関税法では、第1章(総則)、第3節(送達)、第2条の4(送達)に、大要、
・ 国税通則法第12条(書類の送達)及び第14条(公示送達)の規定は、関税法等の規定に基づいて税関長又は税関職員が発する書類の送達について準用する。
・ この場合、国税通則法の「納税管理人」とあるのは、関税法第95条に規定する「税関事務管理人」と読み替える。
と規定されています。
〔よって、ここから先は、国税通則法(⇒第12条と第14条)の解説にもなる訳ですが、関税法には、こうした準用規定がそこそこ多くあります。〕
まず、書類の送達は、原則として、郵便若しくは信書便による送達又は「交付送達」によるとされています。
このうち、郵便は、原則として、普通郵便で構わないとされています。ちょっと意外ですよね。
送達すべき書類が、例えば、差し押さえ関係の書類とか、特に重要と認められる場合は、書留とか配達証明により送達するとされています。(=関税法基本通達2の4-3(3))
また、この書留郵便等以外の郵送又は信書便による送達の効果は、法律上は、当該書類を発送した事実がある限り、通常到達すべきであった時に送達があったものと推定する(される)としています。(=国税通則法第12条第2項)。
交付送達は、どこかで誰かに税関職員が手渡すもの。
「交付送達」とは、一般的には、税関職員が、「送達すべき場所」において、その送達を受けるべき者に書類を直接交付して行うものです。これを、「手渡送達」とも言います。
例えば、郵便で送達したが、「受取拒絶」で郵便物の受領を拒否したような場合に、税関職員が、相手方に直接出向いて、面前で書類を渡す、というやり方です。(⇒国税通則法第12条第4項)
また、本来、書類を送達すべき場所は、送達を受けるべき者の住所又は居所であり、その者が法人等であれば事務所や事業所ですが、送達を受ける人に異議がないときとか、自宅で受け取りたくないなどの場合は、別の場所において受け取ることもできます。これを「出会送達」と言います。(前同)
本人が不在の時は、同居の者に渡しても良い。
では、交付送達しようとして、送達すべき場所において書類の送達を受けるべき者がいなかったとか、何かの理由で本人に会うことができなかった場合は、どうなるでしょうか。
その場合は、送達を受けるべき者の「使用人その他の従業者又は同居の者で書類の受領について相当のわきまえのあるもの」に書類を交付することができるとされています。これを「補充送達」と言います。(⇒国税通則法第12条第5項第1号)
この場合の「同居の者」は、必ずしも生計を一にする者である必要はなく、送達を受けるべき者と同一の建物に居住している者であればいいとされています。

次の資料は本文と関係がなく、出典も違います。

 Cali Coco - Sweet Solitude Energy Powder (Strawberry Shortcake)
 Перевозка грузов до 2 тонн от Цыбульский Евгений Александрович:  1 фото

また、「相当のわきまえのあるもの(者)」とは、書類の送達の趣旨を理解し、受領した書類を本来の送達を受けるべき者に手渡すことが期待できる者であって、未成年者でも構わない、とされています。
本人が受取りを拒んだら置いて来る。
さらに、そうした使用人や従業者や同居人がいない場合とか、税関の書類を「どうしても受け取りたくない」と、理由なく拒んだ場合はどうなるでしょうか。
こうした場合は、送達すべき場所に書類を差し置くことができるとされています。つまり、玄関先に置いて来るとか、郵便受けに入れて来るなどの方法でよいとされているのです。これを「差置送達」と言います。(⇒国税通則法第12条第5項第1号)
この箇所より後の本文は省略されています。